What is needed: Return, word for word, the lines of the listing below from the one with "Rose Geranium Epsom Bath Salt" through the one with "Extensor de manillar", and no other lines.

===== Exercise input =====

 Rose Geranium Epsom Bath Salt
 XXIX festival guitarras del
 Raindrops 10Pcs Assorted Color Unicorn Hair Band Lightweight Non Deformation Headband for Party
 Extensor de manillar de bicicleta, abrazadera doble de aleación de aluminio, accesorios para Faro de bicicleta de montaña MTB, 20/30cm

=====
===== Exercise input =====

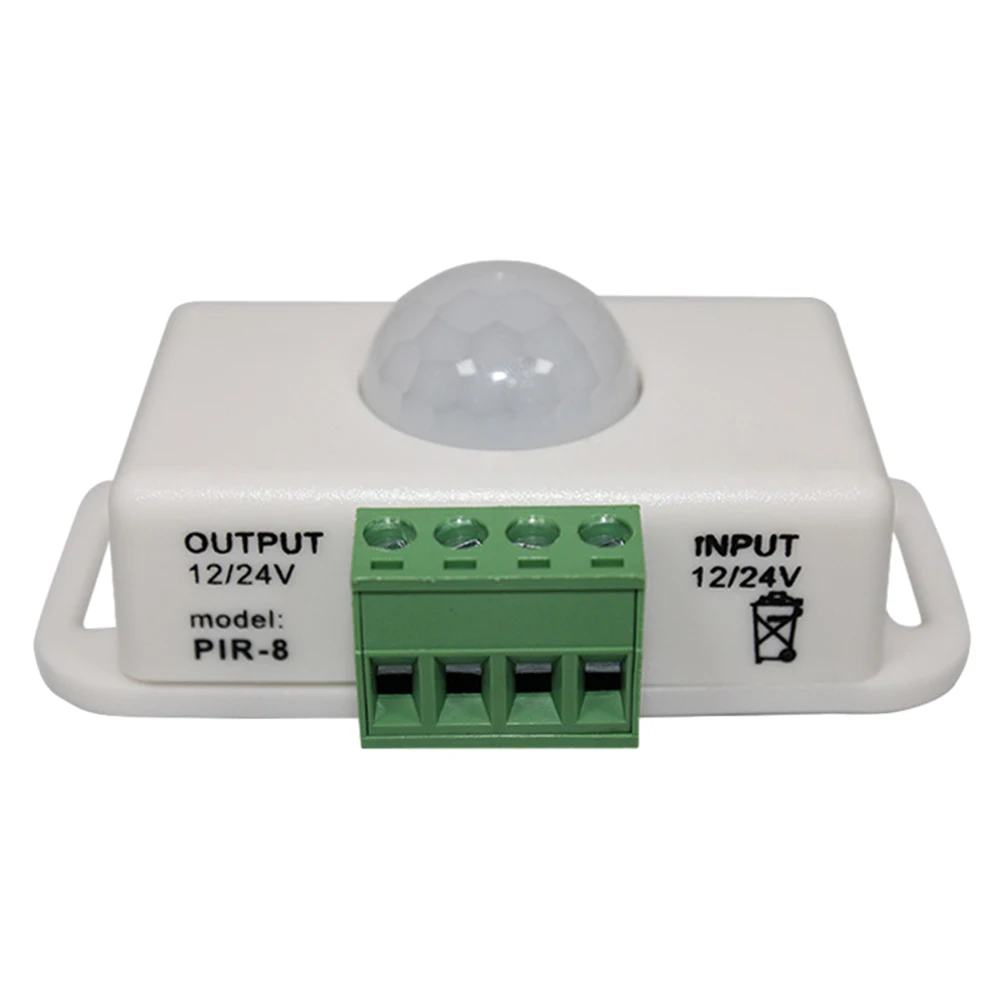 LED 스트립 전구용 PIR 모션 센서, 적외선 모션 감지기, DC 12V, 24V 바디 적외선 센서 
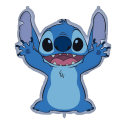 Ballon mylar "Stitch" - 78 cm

=====

Written answer:
 Rose Geranium Epsom Bath Salt
 XXIX festival guitarras del
 Raindrops 10Pcs Assorted Color Unicorn Hair Band Lightweight Non Deformation Headband for Party
 Extensor de manillar de bicicleta, abrazadera doble de aleación de aluminio, accesorios para Faro de bicicleta de montaña MTB, 20/30cm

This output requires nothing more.